START Data excerpts

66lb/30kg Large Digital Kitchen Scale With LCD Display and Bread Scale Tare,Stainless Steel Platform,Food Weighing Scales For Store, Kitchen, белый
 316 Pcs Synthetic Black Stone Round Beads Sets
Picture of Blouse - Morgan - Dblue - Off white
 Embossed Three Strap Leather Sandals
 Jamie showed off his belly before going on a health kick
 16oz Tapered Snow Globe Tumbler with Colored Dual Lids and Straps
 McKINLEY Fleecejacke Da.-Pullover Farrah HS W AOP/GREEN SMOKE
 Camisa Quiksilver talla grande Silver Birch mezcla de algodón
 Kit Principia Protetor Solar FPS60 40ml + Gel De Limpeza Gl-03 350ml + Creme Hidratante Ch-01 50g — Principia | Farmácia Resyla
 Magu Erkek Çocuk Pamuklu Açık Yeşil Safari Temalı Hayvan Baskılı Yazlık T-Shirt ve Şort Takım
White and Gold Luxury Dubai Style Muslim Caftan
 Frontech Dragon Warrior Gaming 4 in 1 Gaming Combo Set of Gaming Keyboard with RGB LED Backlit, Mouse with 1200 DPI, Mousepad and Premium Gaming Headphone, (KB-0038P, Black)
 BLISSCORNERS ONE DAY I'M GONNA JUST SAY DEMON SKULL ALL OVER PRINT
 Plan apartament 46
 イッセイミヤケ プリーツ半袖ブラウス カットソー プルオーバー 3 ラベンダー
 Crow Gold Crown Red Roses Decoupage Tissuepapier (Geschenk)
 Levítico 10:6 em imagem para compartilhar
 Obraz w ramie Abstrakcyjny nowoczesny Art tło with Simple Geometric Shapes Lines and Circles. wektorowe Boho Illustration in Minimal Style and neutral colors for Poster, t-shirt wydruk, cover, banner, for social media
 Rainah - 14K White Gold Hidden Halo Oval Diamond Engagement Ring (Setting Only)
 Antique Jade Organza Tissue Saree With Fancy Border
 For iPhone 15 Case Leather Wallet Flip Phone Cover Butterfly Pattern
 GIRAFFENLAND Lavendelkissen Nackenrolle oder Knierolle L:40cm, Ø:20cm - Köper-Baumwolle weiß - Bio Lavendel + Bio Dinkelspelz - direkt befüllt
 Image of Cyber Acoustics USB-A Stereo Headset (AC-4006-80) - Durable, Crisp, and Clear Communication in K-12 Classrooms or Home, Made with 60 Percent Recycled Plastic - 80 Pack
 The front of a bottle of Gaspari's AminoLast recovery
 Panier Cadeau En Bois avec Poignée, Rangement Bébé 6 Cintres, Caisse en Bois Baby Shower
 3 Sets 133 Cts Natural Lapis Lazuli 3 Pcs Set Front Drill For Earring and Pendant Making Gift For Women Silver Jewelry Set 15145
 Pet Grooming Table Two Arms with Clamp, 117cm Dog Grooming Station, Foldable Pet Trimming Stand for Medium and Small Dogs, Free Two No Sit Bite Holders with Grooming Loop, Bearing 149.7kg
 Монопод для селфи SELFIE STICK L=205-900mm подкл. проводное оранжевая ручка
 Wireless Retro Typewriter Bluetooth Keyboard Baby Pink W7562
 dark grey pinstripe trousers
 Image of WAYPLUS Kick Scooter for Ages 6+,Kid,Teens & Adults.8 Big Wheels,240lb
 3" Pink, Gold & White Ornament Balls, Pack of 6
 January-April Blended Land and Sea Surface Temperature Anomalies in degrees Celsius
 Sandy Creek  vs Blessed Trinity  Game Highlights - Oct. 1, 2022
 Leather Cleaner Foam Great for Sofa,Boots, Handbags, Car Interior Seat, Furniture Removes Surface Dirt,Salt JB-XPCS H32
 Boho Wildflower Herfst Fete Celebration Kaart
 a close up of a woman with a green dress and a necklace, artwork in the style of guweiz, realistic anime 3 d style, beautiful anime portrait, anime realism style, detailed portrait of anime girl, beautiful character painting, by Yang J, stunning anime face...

END Data excerpts

Return the entries above unchanged, starting at the first line and stopping after the line with "3 Sets 133 Cts".

» Answer to this task
66lb/30kg Large Digital Kitchen Scale With LCD Display and Bread Scale Tare,Stainless Steel Platform,Food Weighing Scales For Store, Kitchen, белый
 316 Pcs Synthetic Black Stone Round Beads Sets
Picture of Blouse - Morgan - Dblue - Off white
 Embossed Three Strap Leather Sandals
 Jamie showed off his belly before going on a health kick
 16oz Tapered Snow Globe Tumbler with Colored Dual Lids and Straps
 McKINLEY Fleecejacke Da.-Pullover Farrah HS W AOP/GREEN SMOKE
 Camisa Quiksilver talla grande Silver Birch mezcla de algodón
 Kit Principia Protetor Solar FPS60 40ml + Gel De Limpeza Gl-03 350ml + Creme Hidratante Ch-01 50g — Principia | Farmácia Resyla
 Magu Erkek Çocuk Pamuklu Açık Yeşil Safari Temalı Hayvan Baskılı Yazlık T-Shirt ve Şort Takım
White and Gold Luxury Dubai Style Muslim Caftan
 Frontech Dragon Warrior Gaming 4 in 1 Gaming Combo Set of Gaming Keyboard with RGB LED Backlit, Mouse with 1200 DPI, Mousepad and Premium Gaming Headphone, (KB-0038P, Black)
 BLISSCORNERS ONE DAY I'M GONNA JUST SAY DEMON SKULL ALL OVER PRINT
 Plan apartament 46
 イッセイミヤケ プリーツ半袖ブラウス カットソー プルオーバー 3 ラベンダー
 Crow Gold Crown Red Roses Decoupage Tissuepapier (Geschenk)
 Levítico 10:6 em imagem para compartilhar
 Obraz w ramie Abstrakcyjny nowoczesny Art tło with Simple Geometric Shapes Lines and Circles. wektorowe Boho Illustration in Minimal Style and neutral colors for Poster, t-shirt wydruk, cover, banner, for social media
 Rainah - 14K White Gold Hidden Halo Oval Diamond Engagement Ring (Setting Only)
 Antique Jade Organza Tissue Saree With Fancy Border
 For iPhone 15 Case Leather Wallet Flip Phone Cover Butterfly Pattern
 GIRAFFENLAND Lavendelkissen Nackenrolle oder Knierolle L:40cm, Ø:20cm - Köper-Baumwolle weiß - Bio Lavendel + Bio Dinkelspelz - direkt befüllt
 Image of Cyber Acoustics USB-A Stereo Headset (AC-4006-80) - Durable, Crisp, and Clear Communication in K-12 Classrooms or Home, Made with 60 Percent Recycled Plastic - 80 Pack
 The front of a bottle of Gaspari's AminoLast recovery
 Panier Cadeau En Bois avec Poignée, Rangement Bébé 6 Cintres, Caisse en Bois Baby Shower
 3 Sets 133 Cts Natural Lapis Lazuli 3 Pcs Set Front Drill For Earring and Pendant Making Gift For Women Silver Jewelry Set 15145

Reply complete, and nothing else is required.